- _WORK INSTRUCTION_
Repeat each line of the records below exactly.

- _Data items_
· · · · ·

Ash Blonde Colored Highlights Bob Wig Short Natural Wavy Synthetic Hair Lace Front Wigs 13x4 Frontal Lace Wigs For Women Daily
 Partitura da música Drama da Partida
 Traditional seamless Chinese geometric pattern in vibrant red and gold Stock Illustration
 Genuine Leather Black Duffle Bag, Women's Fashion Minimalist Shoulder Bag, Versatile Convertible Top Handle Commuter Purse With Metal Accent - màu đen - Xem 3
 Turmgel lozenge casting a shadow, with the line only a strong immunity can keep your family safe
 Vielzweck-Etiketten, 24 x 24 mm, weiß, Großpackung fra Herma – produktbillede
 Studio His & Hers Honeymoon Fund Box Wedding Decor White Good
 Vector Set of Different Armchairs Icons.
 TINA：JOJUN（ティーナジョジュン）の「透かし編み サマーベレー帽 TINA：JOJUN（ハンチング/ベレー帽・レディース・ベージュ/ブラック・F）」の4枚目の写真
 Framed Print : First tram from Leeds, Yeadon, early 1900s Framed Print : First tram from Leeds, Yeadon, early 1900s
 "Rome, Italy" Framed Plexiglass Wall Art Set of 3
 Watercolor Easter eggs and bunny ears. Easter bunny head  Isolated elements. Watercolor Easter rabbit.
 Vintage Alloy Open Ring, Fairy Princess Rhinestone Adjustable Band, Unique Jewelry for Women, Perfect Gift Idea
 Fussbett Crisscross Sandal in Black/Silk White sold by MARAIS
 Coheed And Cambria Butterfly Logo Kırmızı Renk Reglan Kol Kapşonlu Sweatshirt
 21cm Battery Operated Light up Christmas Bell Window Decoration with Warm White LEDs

· · · · ·

- _TASK ANSWER_
Ash Blonde Colored Highlights Bob Wig Short Natural Wavy Synthetic Hair Lace Front Wigs 13x4 Frontal Lace Wigs For Women Daily
 Partitura da música Drama da Partida
 Traditional seamless Chinese geometric pattern in vibrant red and gold Stock Illustration
 Genuine Leather Black Duffle Bag, Women's Fashion Minimalist Shoulder Bag, Versatile Convertible Top Handle Commuter Purse With Metal Accent - màu đen - Xem 3
 Turmgel lozenge casting a shadow, with the line only a strong immunity can keep your family safe
 Vielzweck-Etiketten, 24 x 24 mm, weiß, Großpackung fra Herma – produktbillede
 Studio His & Hers Honeymoon Fund Box Wedding Decor White Good
 Vector Set of Different Armchairs Icons.
 TINA：JOJUN（ティーナジョジュン）の「透かし編み サマーベレー帽 TINA：JOJUN（ハンチング/ベレー帽・レディース・ベージュ/ブラック・F）」の4枚目の写真
 Framed Print : First tram from Leeds, Yeadon, early 1900s Framed Print : First tram from Leeds, Yeadon, early 1900s
 "Rome, Italy" Framed Plexiglass Wall Art Set of 3
 Watercolor Easter eggs and bunny ears. Easter bunny head  Isolated elements. Watercolor Easter rabbit.
 Vintage Alloy Open Ring, Fairy Princess Rhinestone Adjustable Band, Unique Jewelry for Women, Perfect Gift Idea
 Fussbett Crisscross Sandal in Black/Silk White sold by MARAIS
 Coheed And Cambria Butterfly Logo Kırmızı Renk Reglan Kol Kapşonlu Sweatshirt
 21cm Battery Operated Light up Christmas Bell Window Decoration with Warm White LEDs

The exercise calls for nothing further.